I like his eyes.
His pupils have contracted in the morning glow, shades of blue now rendered with greater subtlety, lighter irises circled by a ring of dark. His lashes are long and thick and when he turns away from me I study the outline of his profile, the contained power in his body. He shifts his weight. He’s wearing a faded denim jacket with a fleece collar. There’s a bright, kite-shaped pin on the pocket.
“What are you thinking,” he says, looking away from me, “when you get quiet like that?”
“Nothing.”
He exhales a harsh laugh. “Sure. Okay.”
“Why is there a kite-shaped pin on your pocket?”
He turns to face me immediately, surprise coloring his expression. “You’re askingmea question?”
Heat, that familiar, horrible heat: I feel it burning on the crests of my cheeks. “No.”
“No?”
“No,” I say, this time with forced indifference. “I’m withdrawing my question.”
“No way,” he says, smiling now. “You’ve already spoken it into the world. You can’t take it back.”

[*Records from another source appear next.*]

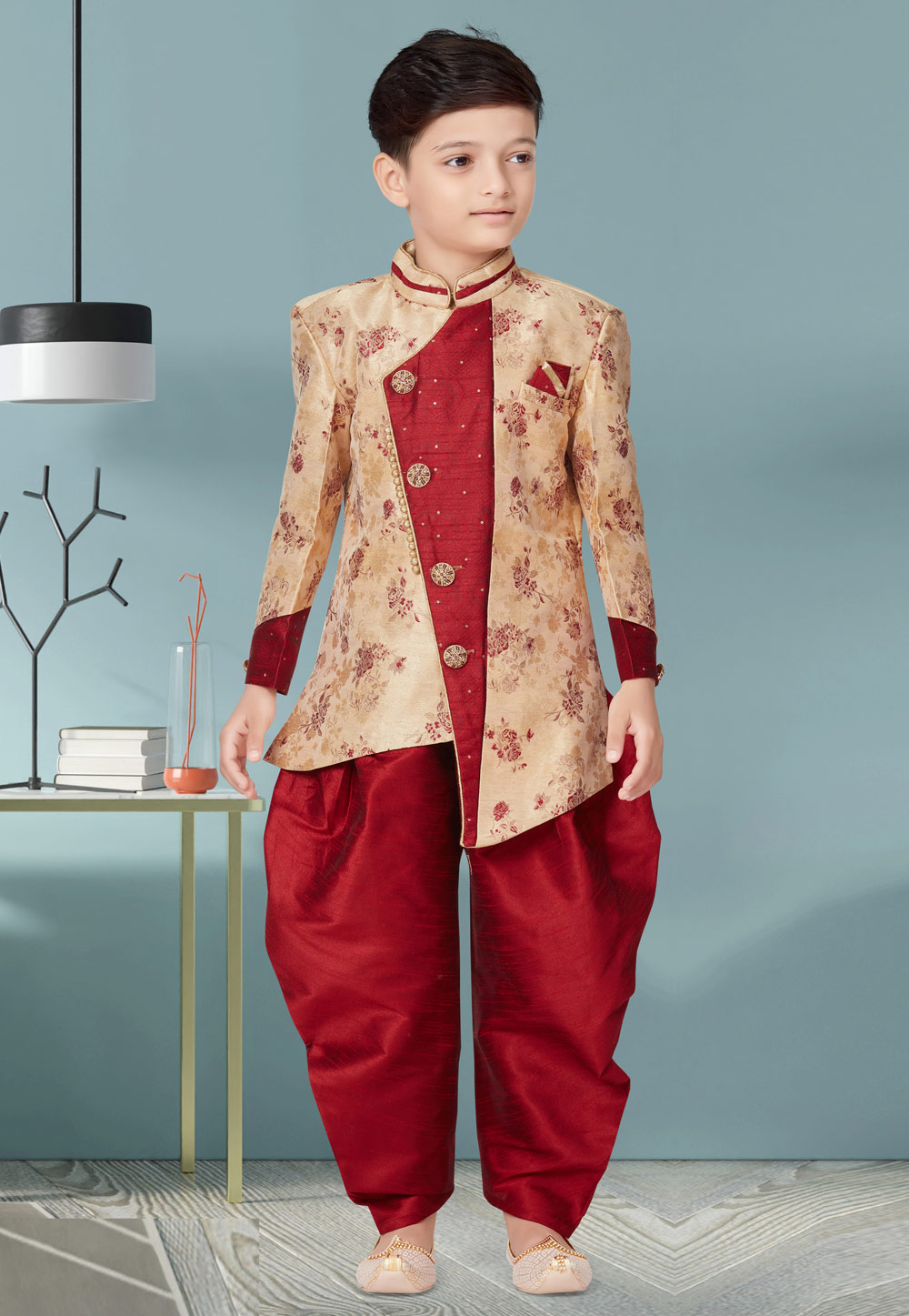 Beige Jecquard Kids Indo Western Suit 252155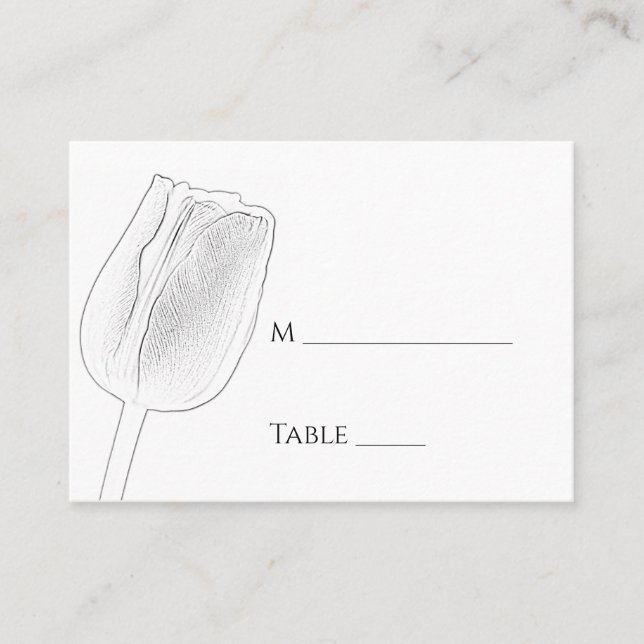 Carte du lieu de mariage de printemps de Tulip Ske (Devant)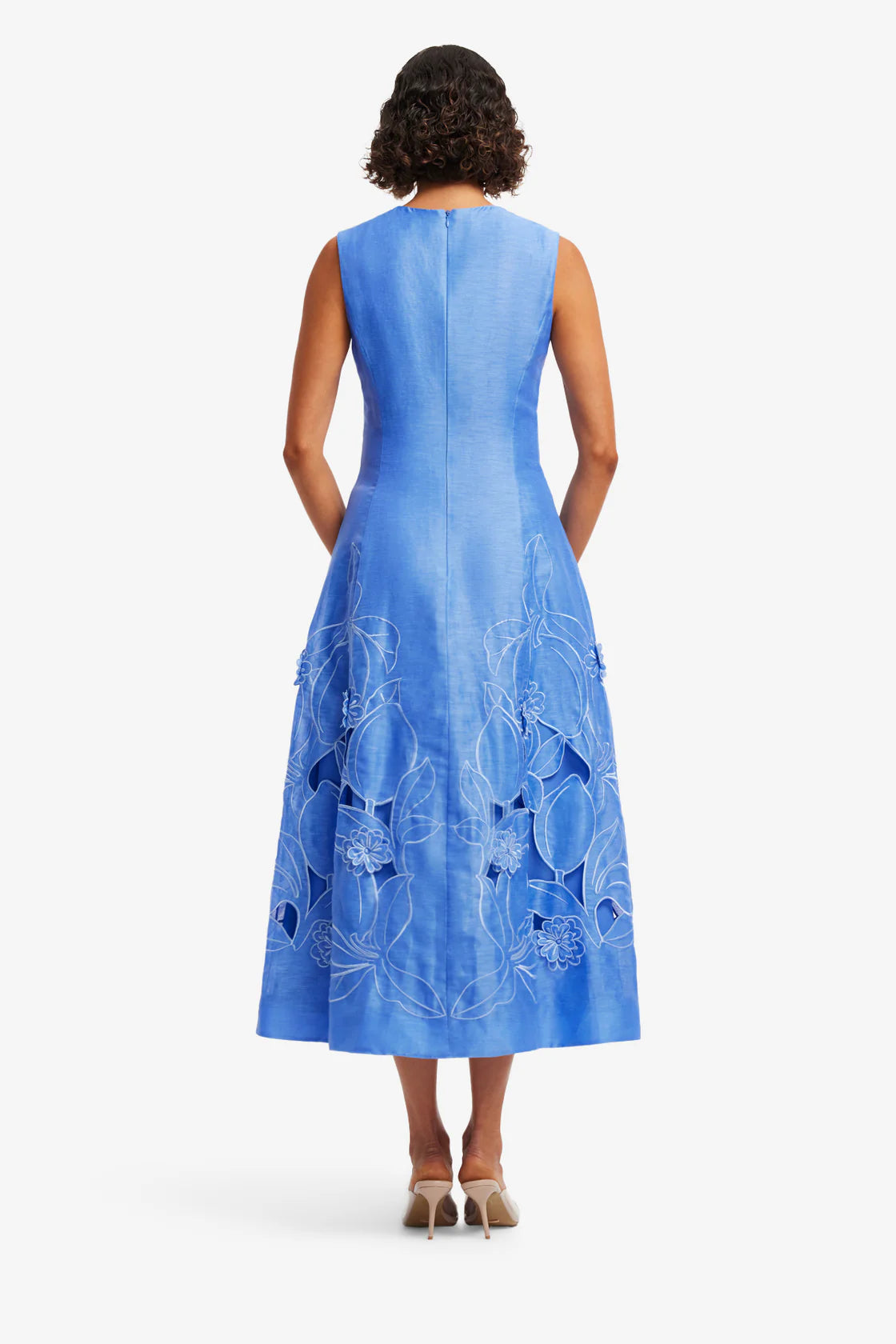 Leo Lin - Cleo Applique Sleeveless Midi Azure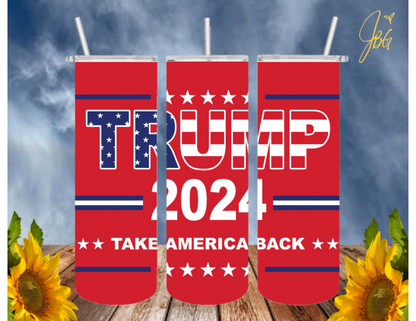 TRUMP 20 Oz Tumbler with 1 Lid, 2 Straws and 1 Straw Cleaner. FREE SHIPPING. Stainless Steel. Sublimation Tumbler Cup.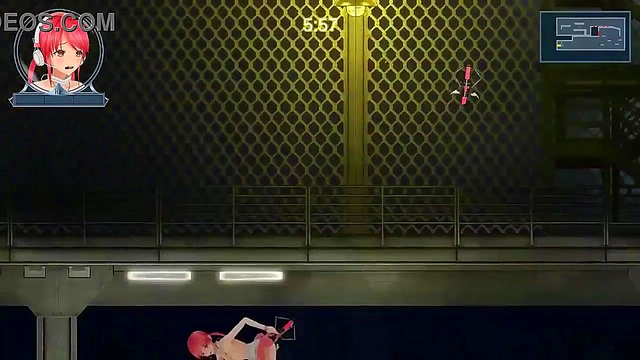 Red haired girl has sex with robot man in Idol run hentai act erotic game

“You don’t make the rules.”
“How about a deal?” he says. “If you start answering more of my questions, maybe I’ll answer some of yours.”
I shake my head, panic threatening.
I already have to live with the enormous mistake I made the other day, exposing myself and my inspection of him in a childish burst of anger. I’d been unbalanced by the sheer force of James’s attention, his easy smiles and laughter. No one but Clara ever smiles at me with sincerity. I’d been subjected to the dizzying power of his charm for hours by that point, and I was feeling frustrated and reactive. I spoke too much without thinking.
Never again.
I force myself to break away now, to gather up my journal and clear my mind before I say or do something irreparable—when I’m suddenly, uncomfortably aware of the moss between my toes. I realize I don’t know what they did with my shoes.
“They’re outside the door,” he says.
I look up like I’ve been slapped.
“Your shoes,” he says, unprompted. “They’re outside. In a little cubby with your name on it.”
“I didn’t say anything about wanting my shoes.”
“I know,” he says.
“How did you—”
“Because,” he says. “You just looked at your feet, and then looked around. I did the math. It’s not complicated.”
I’m looking at him and coming loose again. I have a new dream: I’d like to be neatly folded,set aside in a slant of light, and allowed to collect dust.
James, I realize, makes me feel like I can rest.
It’s a hysterical, dangerous thought. As if I might ever be allowed to untie these ropes, unlock these chains.
I’m going to go home.
I’m going to go home, collect Clara, try to avoid marrying Sebastian, and spend the rest of my life withering into ash. I was trained from childhood for life as an executioner. It was what my parents wanted for me; more than that, it was the only career path I was allowed. For as long as I can remember, every psychological evaluation and aptitude test agreed: the child appears to be dead inside.
There was something wrong with me, something broken, some meaningful reason why I never laughed the way other children did, never smiled at strangers. Why I never cried when they sliced me open over and over and over again, trying to feed my mind to a machine.